How to display coefficients in scientific notation with stargazer - r

I want to compare the results of different models (lm, glm, plm, pglm) in a table in R using stargazer or a similar tool.
However I can't find a way to display the coefficients in scientific notation. This is kind of a problem because the intercept is rather large (about a million) while other coefficients are small (about e-7) which results in lots of useless zeros making it harder to read the table.
I found a similar question here: Format model display in texreg or stargazer R as scientific.
But the results there require rescaling the variables and since I use count data I wouldn't want to rescale it.
I am grateful for any suggestions.

Here's a reproducible example:
m1 <- lm(Sepal.Length ~ Petal.Length*Sepal.Width,
transform(iris, Sepal.Length = Sepal.Length+1e6,
Petal.Length=Petal.Length*10, Sepal.Width=Sepal.Width*100))
# Coefficients:
# (Intercept) Petal.Length Sepal.Width Petal.Length:Sepal.Width
# 1.000e+06 7.185e-02 8.500e-03 -7.701e-05
I don't believe stargazer has easy support for this.
You could try other alternatives like xtable or any of the many options here (I have not tried them all)
library(xtable)
xtable(m1, display=rep('g', 5)) # or there's `digits` too; see `?xtable`
Or if you're using knitr or pandoc I quite like pander, which has automagic scientific notation already (note: this is pandoc output which looks like markdown, not tex output, and then you knit or pandoc to latex/pdf):
library(pander)
pander(m1)

It's probably worth making a feature request to the package maintainer to include this option.
In the meantime, you can replace numbers in the output with scientific notation auto-magically. There are a few things to be careful about when replacing numbers. It is important not to reformat numbers that are part of the latex encoding. Also, be careful not to replace characters that are part of variable names. For example the . in Sepal.Width could easily be mistaken for a number by regex. The following code should deal with most common situations. But, if someone, for example, calls their variable X_123456789 it might rename this to X_1.23e+09 depending on the scipen setting. So some caution is needed and a more robust solution probably will need to be implemented within the stargazer package.
here's an example stargazer table to demonstrate on (shamelessly copied from #mathematical.coffee):
library(stargazer)
library(gsubfn)
m1 <- lm(Sepal.Length ~ Petal.Length*Sepal.Width,
transform(iris, Sepal.Length = Sepal.Length+1e6,
Petal.Length=Petal.Length*10, Sepal.Width=Sepal.Width*100))
star = stargazer(m1, header = F, digit.separator = '')
Now a helper function to reformat the numbers.

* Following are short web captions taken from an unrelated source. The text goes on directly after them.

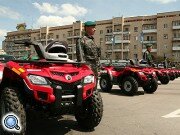 США подарили таджикским пограничникам 22 квадроцикла
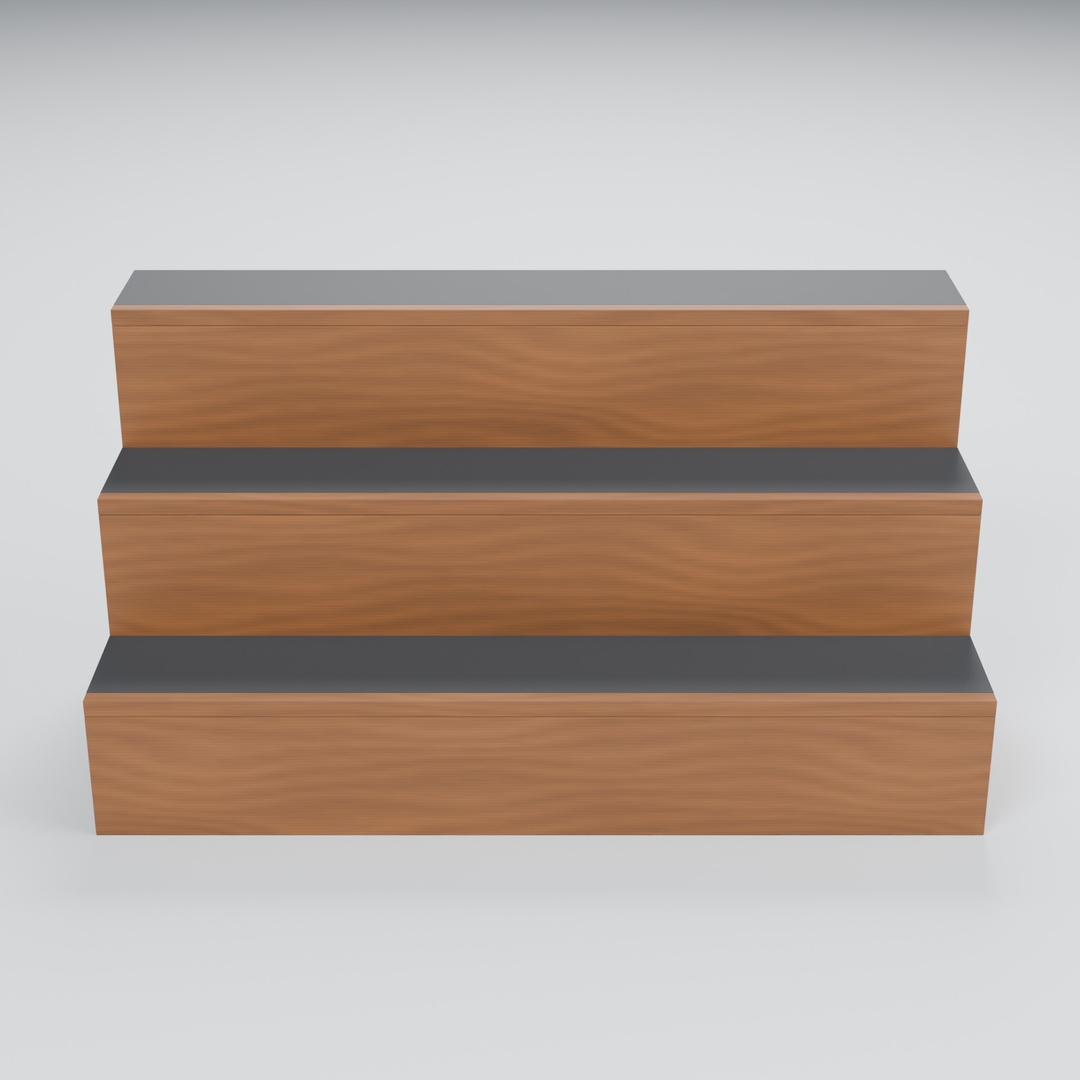 Three-Tier Wooden Product Display - 1260 x 600 x 650 mm model https://p.turbosquid.com/ts-thumb/7Q/pwhM4L/fF/turntable/jpg/1788951437/1920x1080/turn_fit_q99/622cbd577657a29800461cdd2caabeb0007540dd/turntable-1.jpg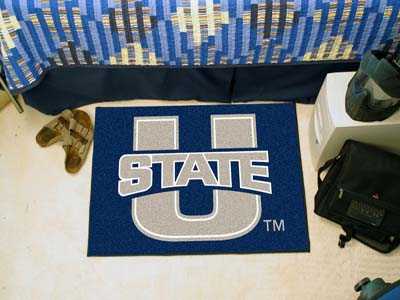 Utah State University Aggies Starter Rug - Click Image to Close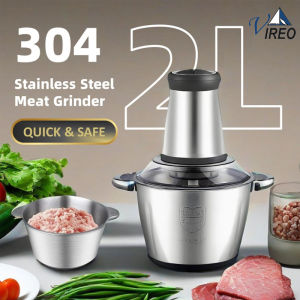 Meat Grinder 2L Meat Mincer Stainless Steel Food Grinder SS Kitchen Blender Food Processor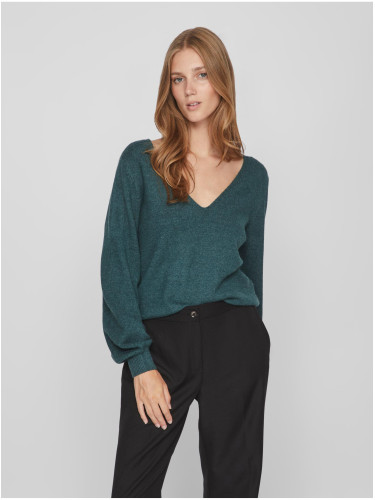 Dark green womens sweater VILA Ril - Women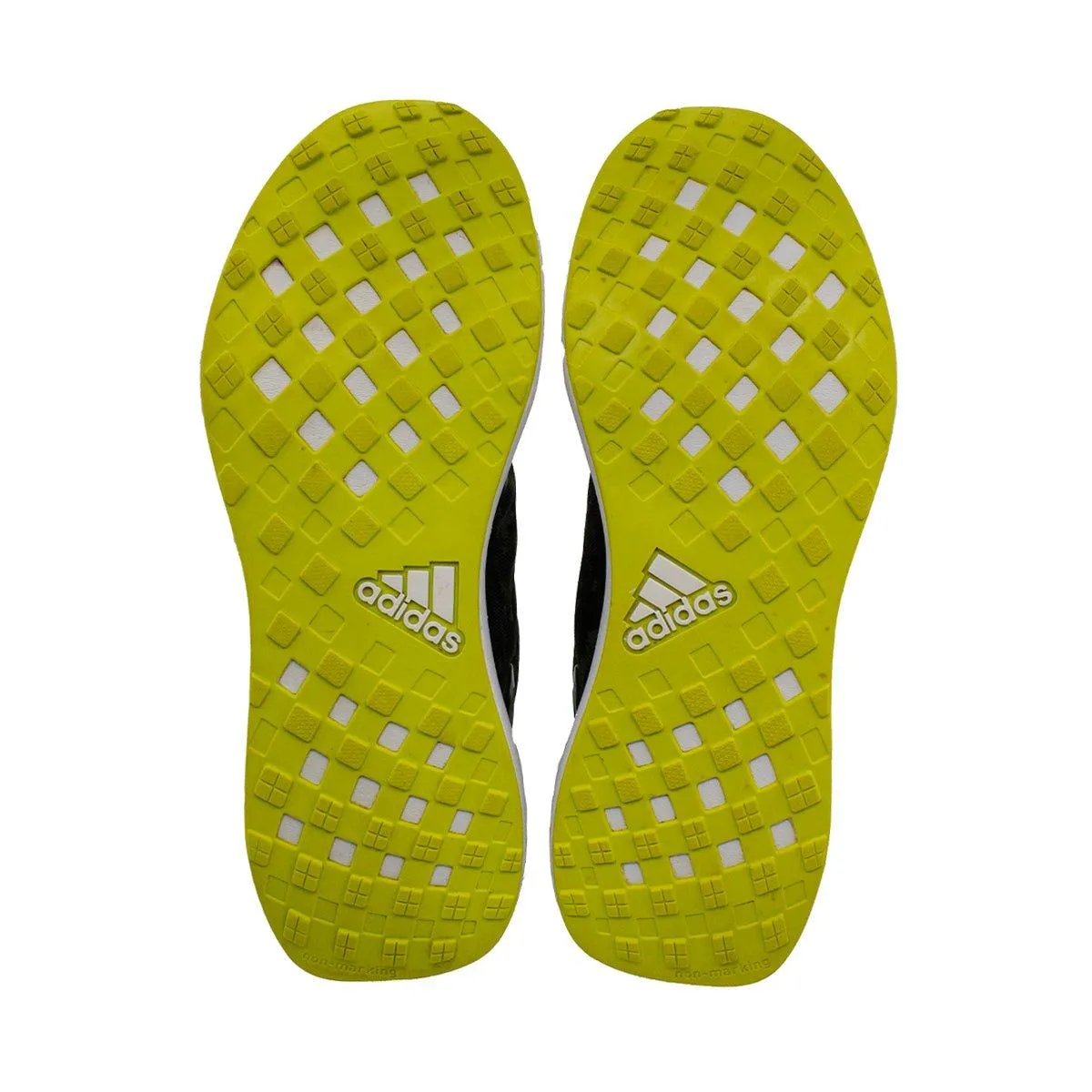 Adidas Rapidarun Uncaged Sport Shoes Fabric Green Colour For Men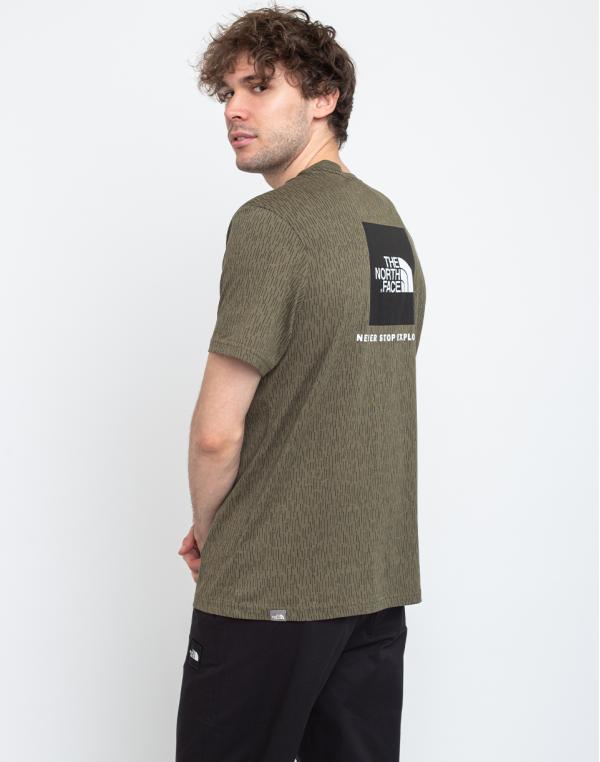 The North Face Red Box Tee Burntolive S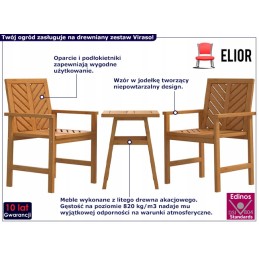 Medinis sodo komplektas balkonui arba terasai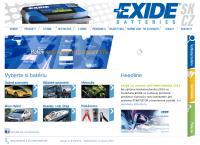 Webová stránka EXIDE Slovakia s.r.o.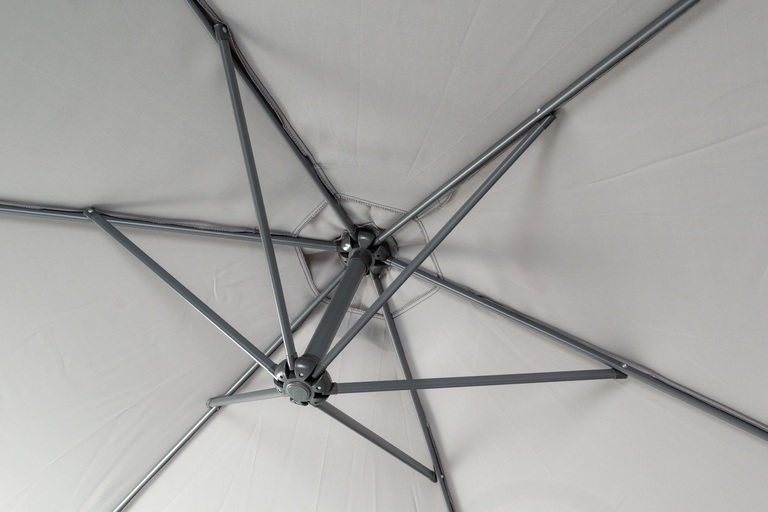 Parasole ogrodowe - Serwisowy Parasol ogrodowy WERONA składany 3.5 m DUŻY szary (7)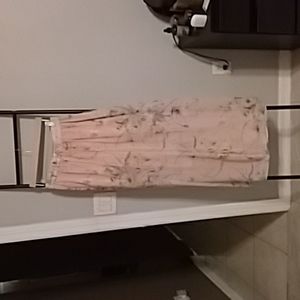 Floral wide leg pants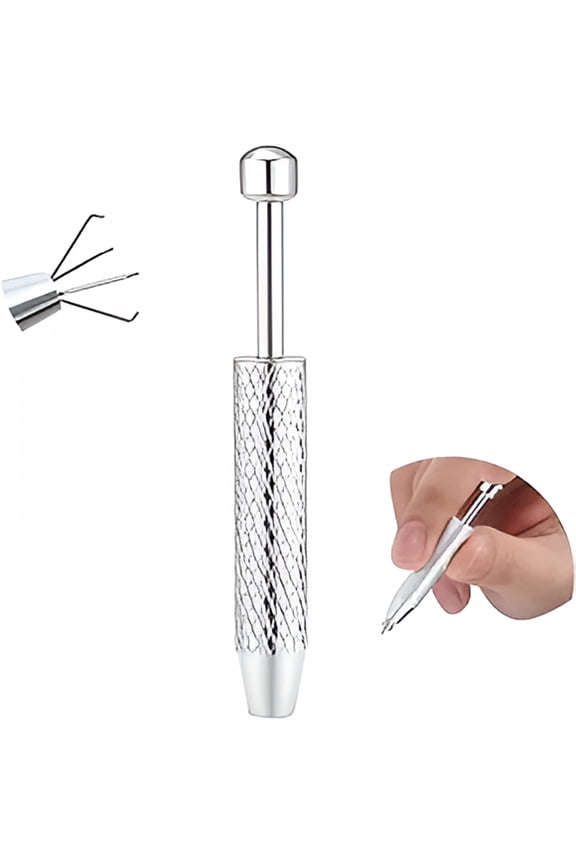 Piercing Taper Ball Grabber Tool for Changing Jewelry - 14G 16G 18G 20G Stainless Steel Flat Back Earrings Applicator Tool Threadless Insertion Pin Thread Body Piercing Kit for Ear Nose Lip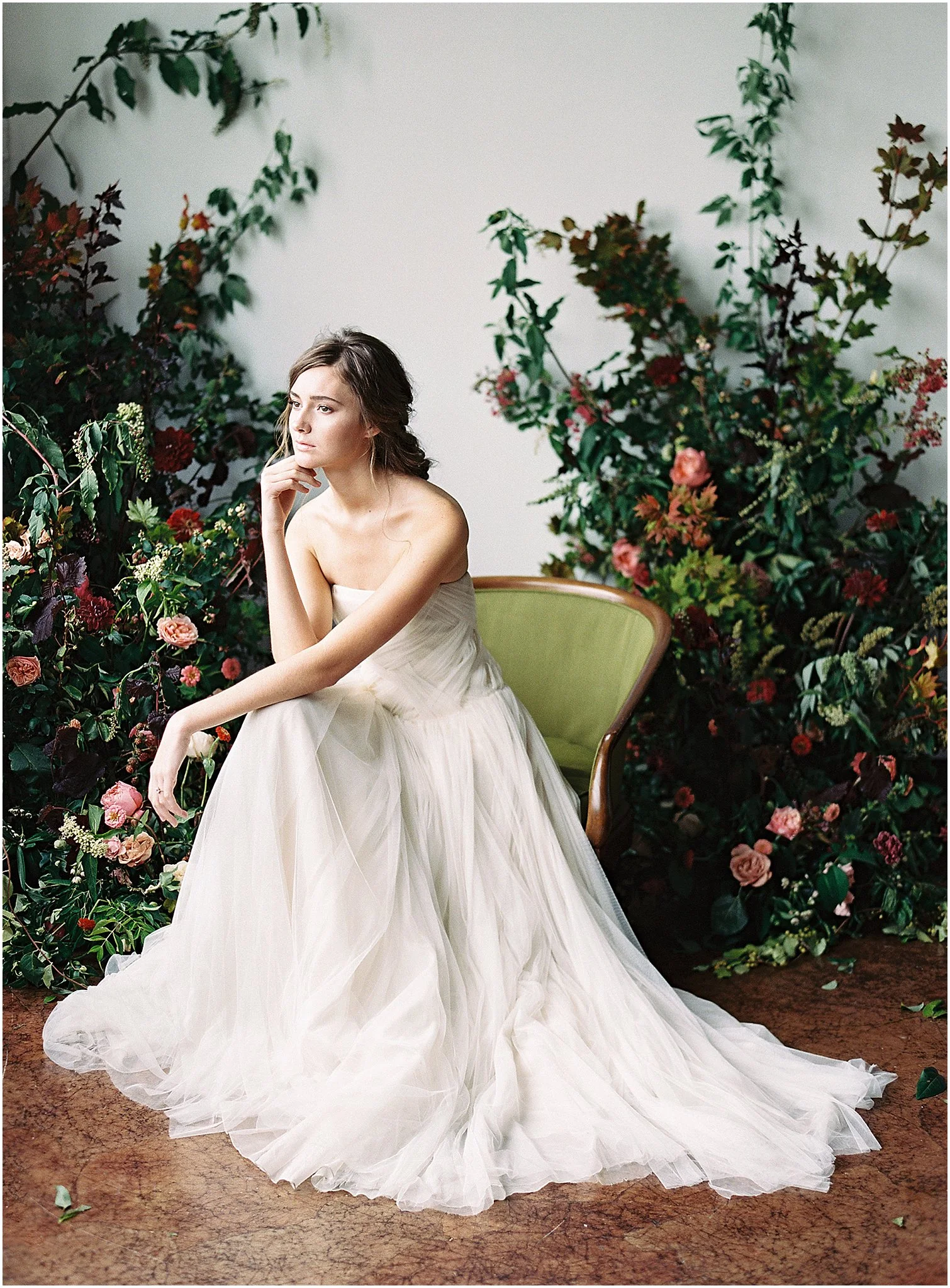 Organic Autumn Wedding Inspiration - Lindsey Brunk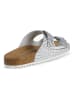 Geox Leder-Pantoletten "Brionia" in Silber
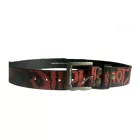 Slipknot Öv  the fém szíj nőknek vagy férfi, egy méret illik all, 95 cm állítható alkalmi Öv, BT105771SLP, fekete/piros Méret: N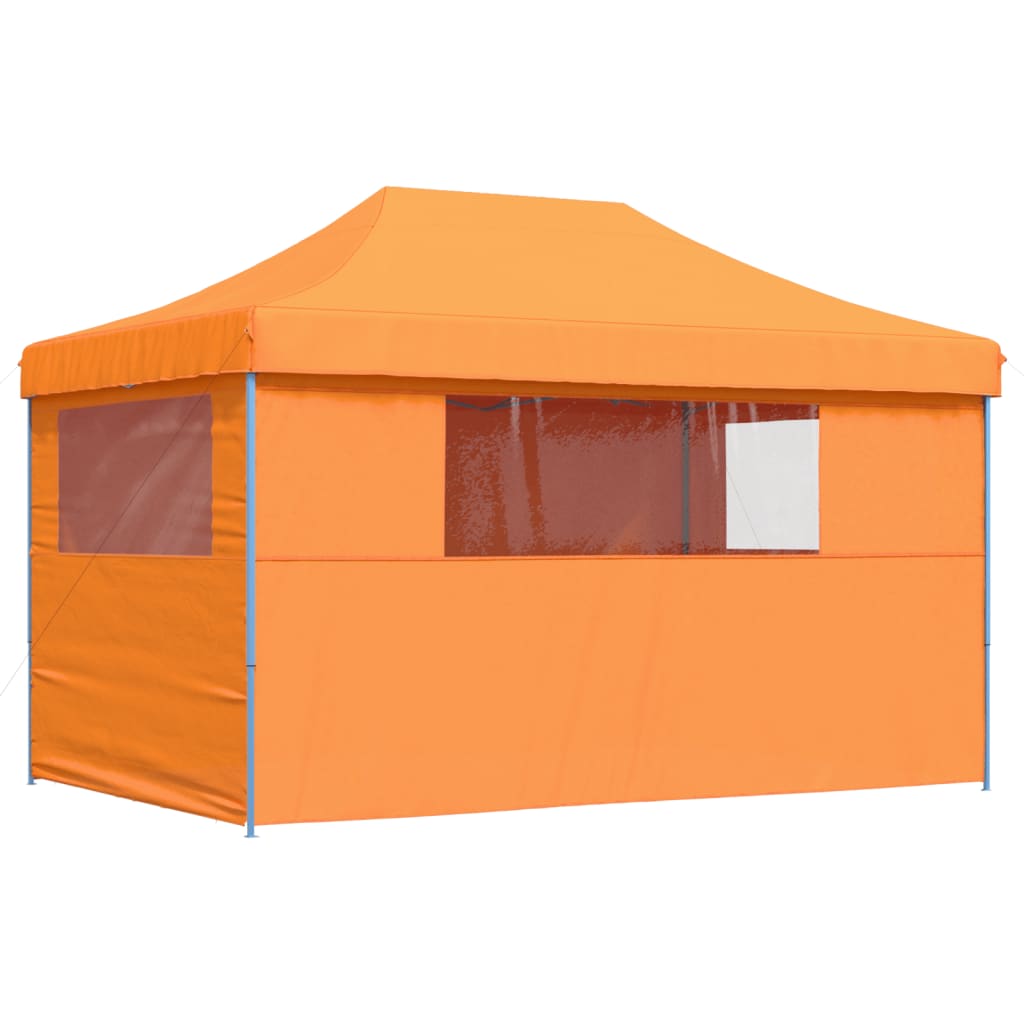 Foldable Party Tent Pop-Up with 4 Sidewalls Orange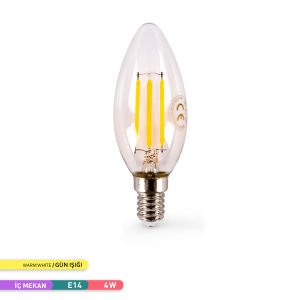 ACK 4W Rustik LED C35 Ampul 3000K AA36-00410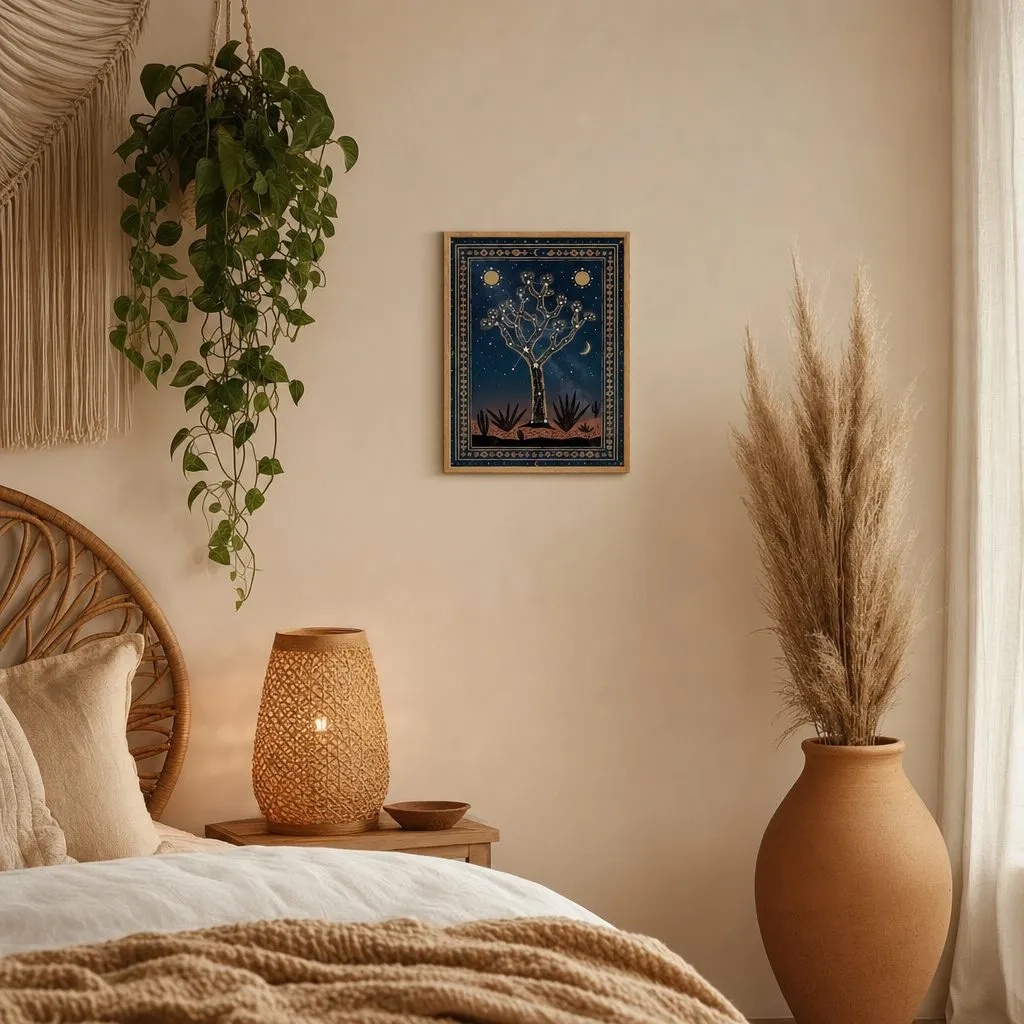 Desert Constellation: In a public space, from the listing. Frame not included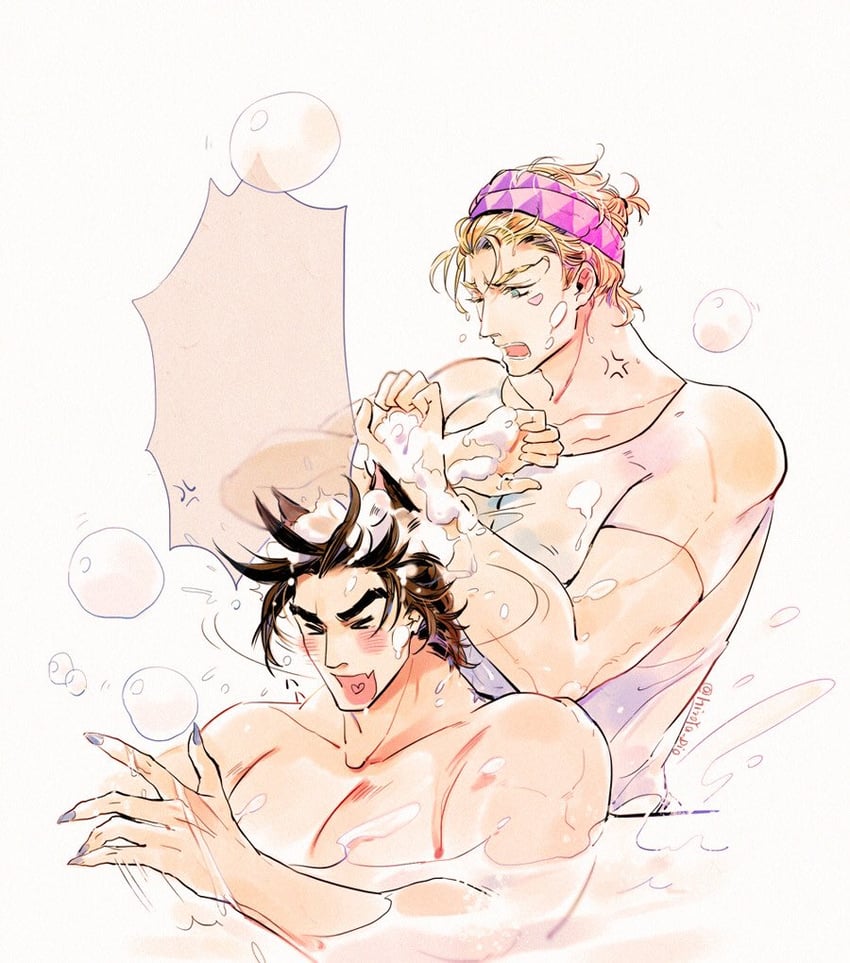joseph joestar and caesar anthonio zeppeli (jojo no kimyou na bouken and 1 more) drawn by hatoyama_itsuru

You can play around with the digits and scipen parameters to control the output format. If you want to force scientific format more often use a smaller (more negative) scipen. Otherwise we can have it automatically use scientific format only for very small or large numbers by using a larger scipen. The cutoff parameter is there to prevent reformatting of numbers represented by only a few characters.
replace_numbers = function(x, cutoff=4, digits=3, scipen=-7) {
ifelse(nchar(x) < cutoff, x, prettyNum(as.numeric(x), digits=digits, scientific=scipen))
}
And apply that to the stargazer output using gsubfn::gsubfn
gsubfn("([0-9.]+)", ~replace_numbers(x), star)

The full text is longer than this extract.